Large PHP frameworks I think is starting to reach end of line. Seems like a micro framework trend has started with Zend Expressive and similar middleware based frameworks.

There was a trend of making PHP into Java, I think that is the wrong path, as you say, Java already exists. That trend also existed in JavaScript a long time ago. Seems like a natural instinct by some developers to do so when trying to create structure from a chaos like world.

Much better to build on PHP strengths. Dynamic, stateless, fast development cycle.


> When you use proper opcode caching, you avoid the startup hit.

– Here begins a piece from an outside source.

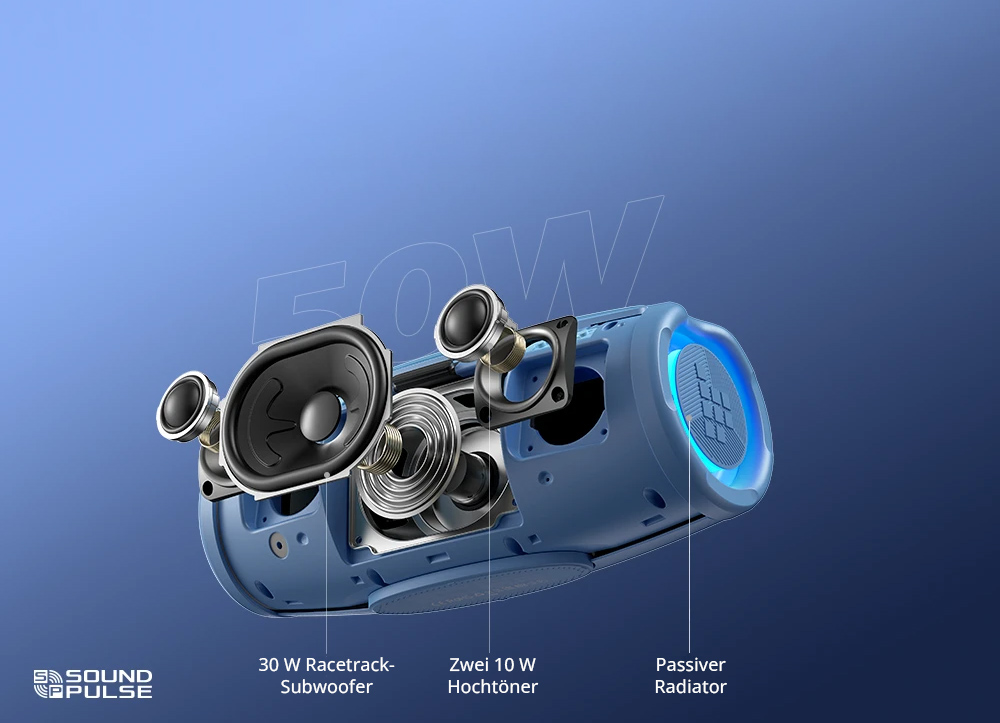 Tronsmart Mirtune S100 Tragbarer Outdoor-Lautsprecher, Bluetooth 5.3, anpassbarer EQ, 50 W Leistung, 20 Stunden Spielzeit, IPX7 wasserdicht, einziehbarer Griff &ndash; Blau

In a setup with nginx, php-fpm and symfony here is how i understand the whole process.

  1. A request hit nginx
  2. Nginx parse the request and send it as fastcgi protocol specify to
     php-fpm.
  3. Php-fpm looks it's pool of php processes if there is none
     available, it starts a php process (so some code is run).
  4. Php-fpm fill the $_GET,$_POST etc... variable of the running php
     and give it a file to execute.
  5. The php process check if the file is in opcache load the bytecode
     from it otherwise compile the file to bytecode and store it to
     opcache.
  6. The process run the script and write back to php-fpm who write back to nginx.
  
  So now more on 6. from the point of view of a Symfony app.
  
  1. the app.php will include an autoloader, this mean during the
     lifetime of the php process every time a new
     \Some\Class\Or\Function\Or\Whatelse is encounter the autoloader
     code will be run. To mitigate this composer could generate an
     autoload that is an associative array of \ClassName\And\The\Like =>
     filename.
  2. Then it include the bootstrap.cache.php this file is a
     concatenation of the Symfony classes (all or the most used) in
     order to reduce autoloader calls.
  3. Then it create the kernel the it load more file (from app/cache)
     like the service container definition+configuration and the
     routing (and maybe more stuff but i don't know).
  4. Then it put $_GET,$_POST etc... on it's own abstractions
     (HttpFoundation\Request etc...).
  5. At this point the bootstraping is done.
  
  And i also want to remind that a class declaration like "class House
  {}" is a code, that create a datastruct that has to be run on every
  request, this is also what people call bootstraping.
  
  The bootstraping is take seriously enough to have :
  
  1. composer -o (generate the associative array)
  2. bootstrap.cache.php
  3. the whole app/cache directory of symfony which i find pretty
     terrible as comp. sci. point of view (choose a limited language and
     build compilers to work around) even if they do a great job at
     error reporting.
  4. php-fpm pool of thread
  5. opcache


Yes, that is problem, therefore I avoid frameworks to have total control when bootstrapping.


>PHP needs to bootstrap the entire environment

We have pretty good success just using a user space cache, like apcu or memcached, along with the bundled opcache.

It does still have some bootstrap overhead with each request, but it's not become a performance barrier.

I suppose this is different at a certain scale, but I'd wager that's a pretty small percentage of real world use.